→ **Problem to solve**:
In your copy, include every line of the listing below exactly but none of the pictures.

→ **Dataset excerpt**:
###

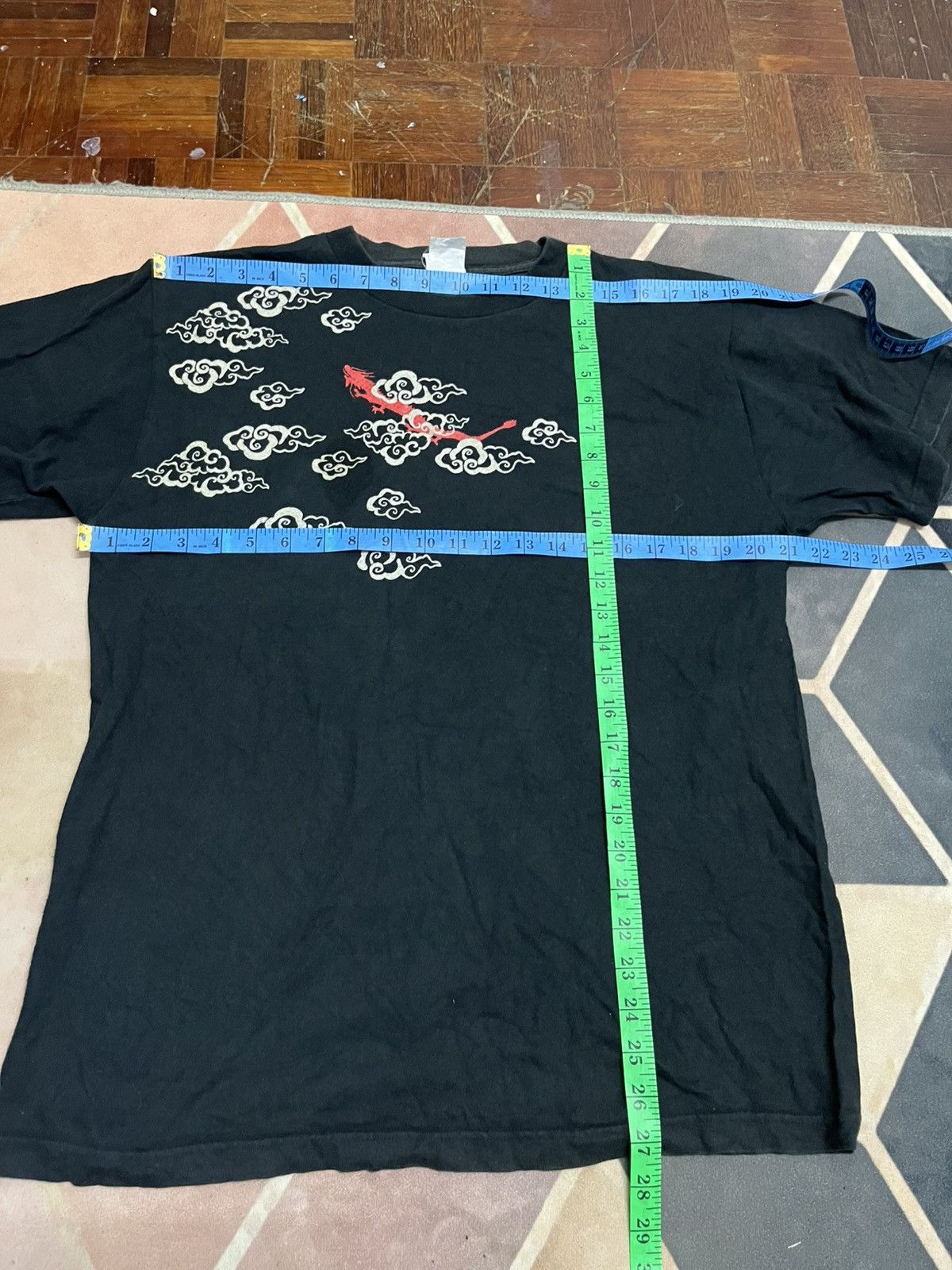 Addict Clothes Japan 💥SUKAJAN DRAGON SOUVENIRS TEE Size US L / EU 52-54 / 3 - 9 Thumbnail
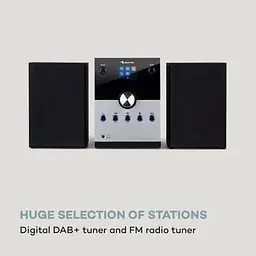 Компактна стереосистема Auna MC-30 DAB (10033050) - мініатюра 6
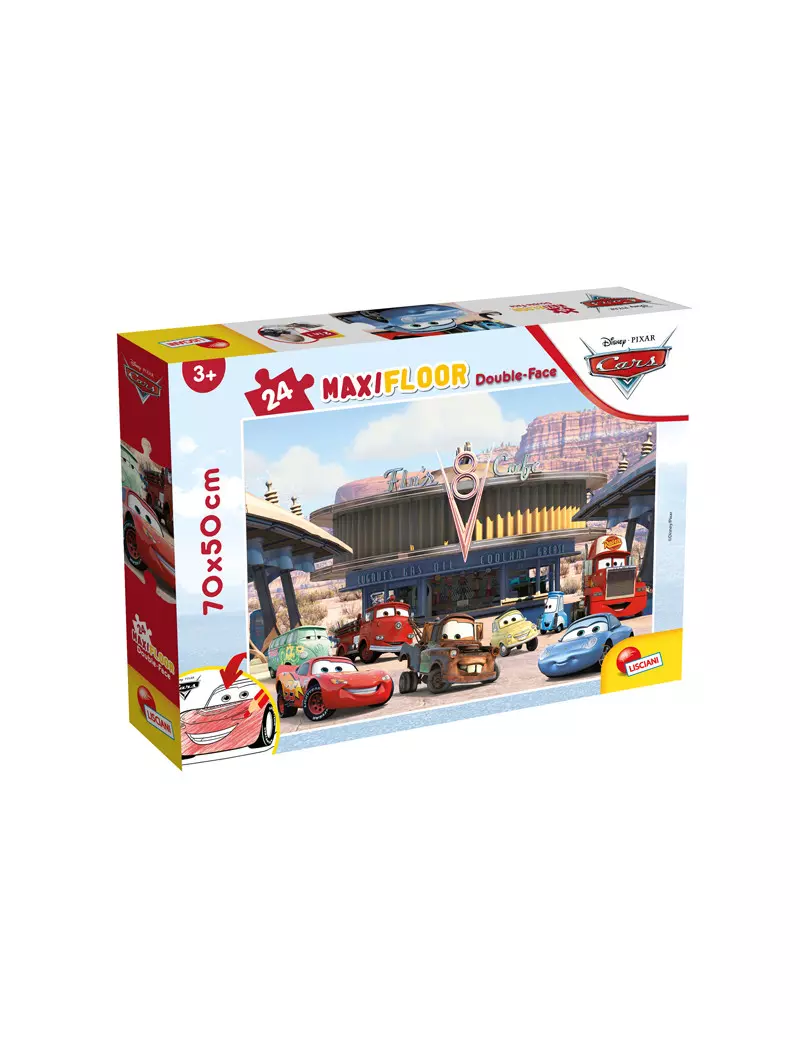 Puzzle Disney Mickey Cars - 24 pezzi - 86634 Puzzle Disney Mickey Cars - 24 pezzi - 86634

###

→ **Finished task**:
 Addict Clothes Japan 💥SUKAJAN DRAGON SOUVENIRS TEE Size US L / EU 52-54 / 3 - 9 Thumbnail
 Компактна стереосистема Auna MC-30 DAB (10033050) - мініатюра 6
 Puzzle Disney Mickey Cars - 24 pezzi - 86634 Puzzle Disney Mickey Cars - 24 pezzi - 86634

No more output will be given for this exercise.